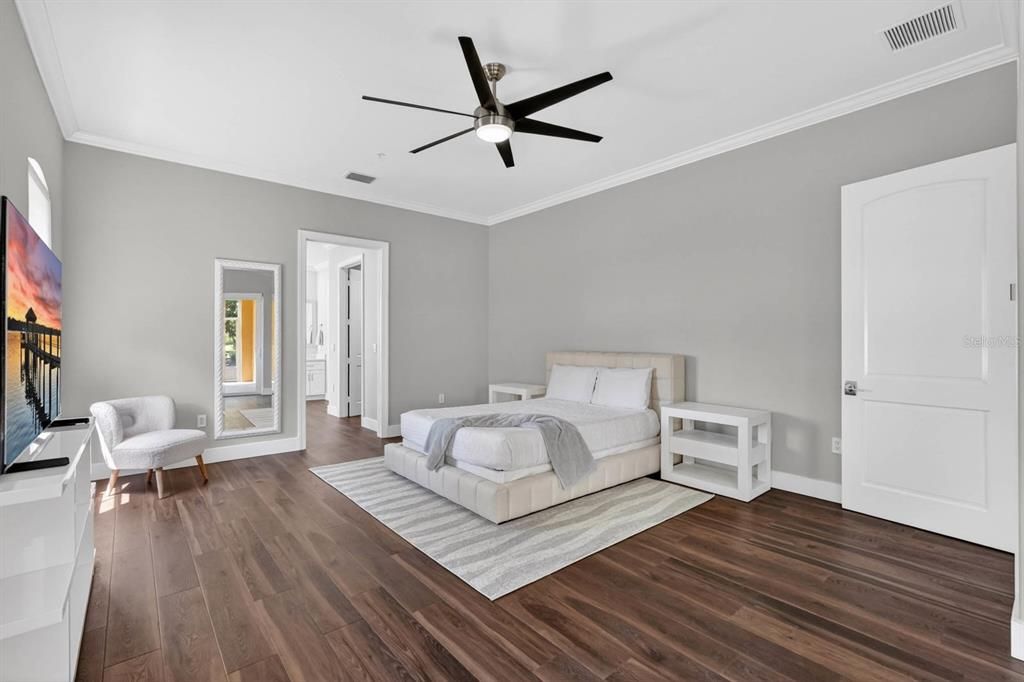 For Sale: $550,000 (3 beds, 2 baths, 2014 Square Feet)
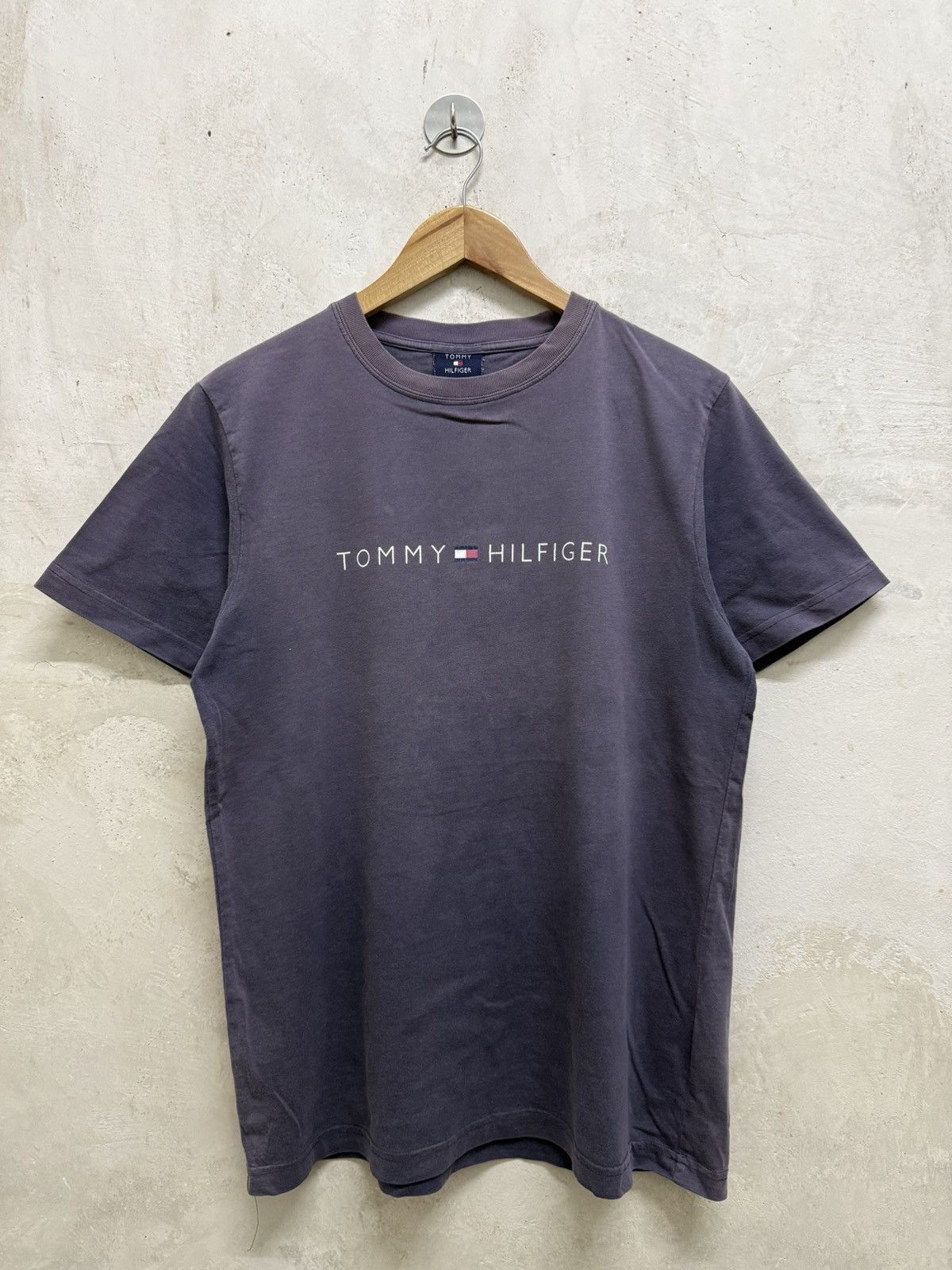 Tommy Hilfiger 2000s Faded Black Tommy Hilfiger Center Spellout Shirt Size US S / EU 44-46 / 1 - 1 Thumbnail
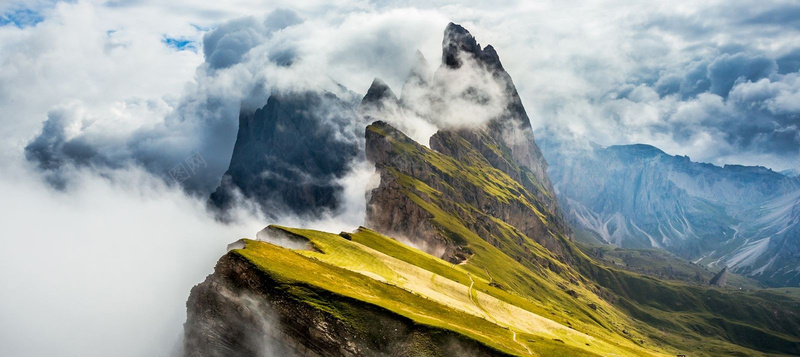 大气高山云海背景jpg设计背景_新图网 https://ixintu.com 云海 大气 绿草 蓝天 高山 海报banner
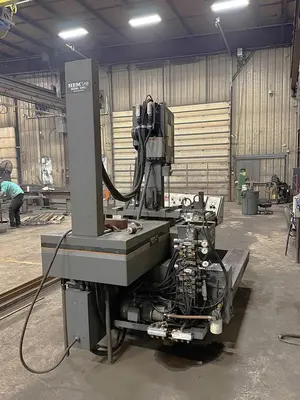 USED 2007 HEM SAW V100HLM-3 SEMI-AUTOMATIC VERTICAL BANDSAW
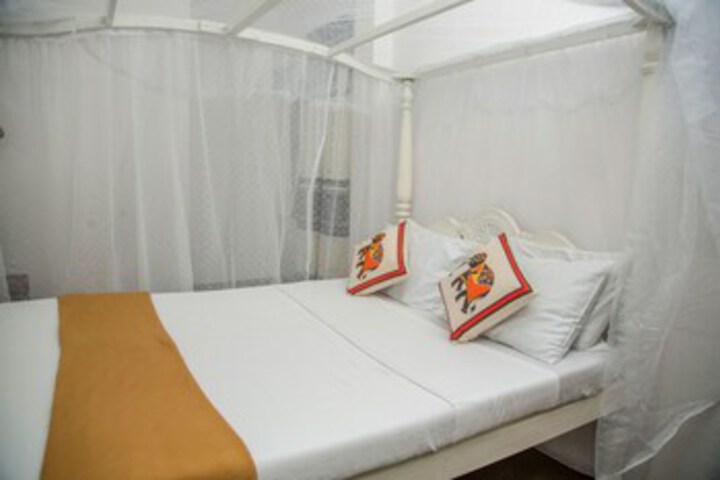 Room 15 of 19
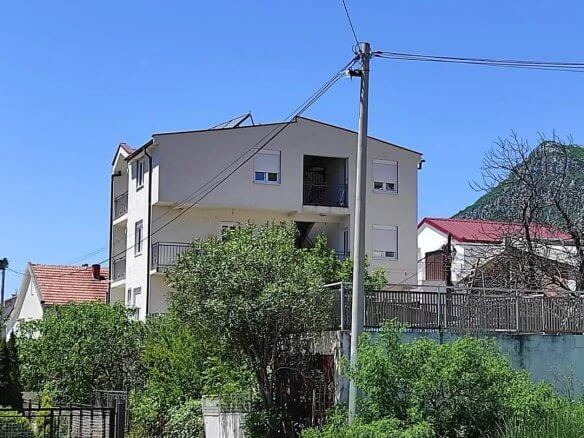 Дом с плоской крышей для продажи в Сутоморе – SHK26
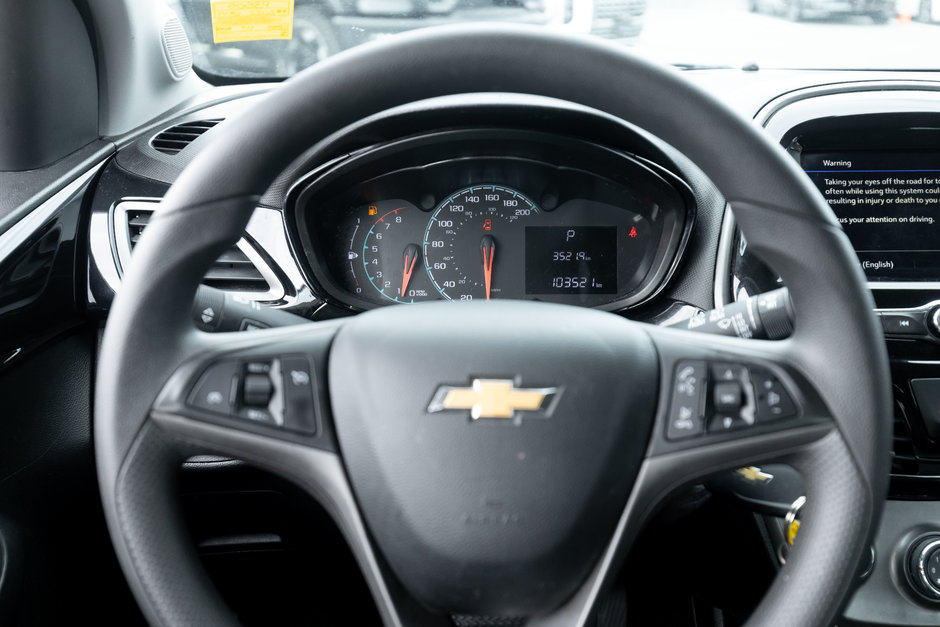 2022 Chevrolet Spark 1LT-12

**Aim of the exercise**
Copy out the data verbatim, with no pictures.

**The completed task**
 For Sale: $550,000 (3 beds, 2 baths, 2014 Square Feet)
 Tommy Hilfiger 2000s Faded Black Tommy Hilfiger Center Spellout Shirt Size US S / EU 44-46 / 1 - 1 Thumbnail
 大气高山云海背景jpg设计背景_新图网 https://ixintu.com 云海 大气 绿草 蓝天 高山 海报banner
 USED 2007 HEM SAW V100HLM-3 SEMI-AUTOMATIC VERTICAL BANDSAW
 Room 15 of 19
 Дом с плоской крышей для продажи в Сутоморе – SHK26
 2022 Chevrolet Spark 1LT-12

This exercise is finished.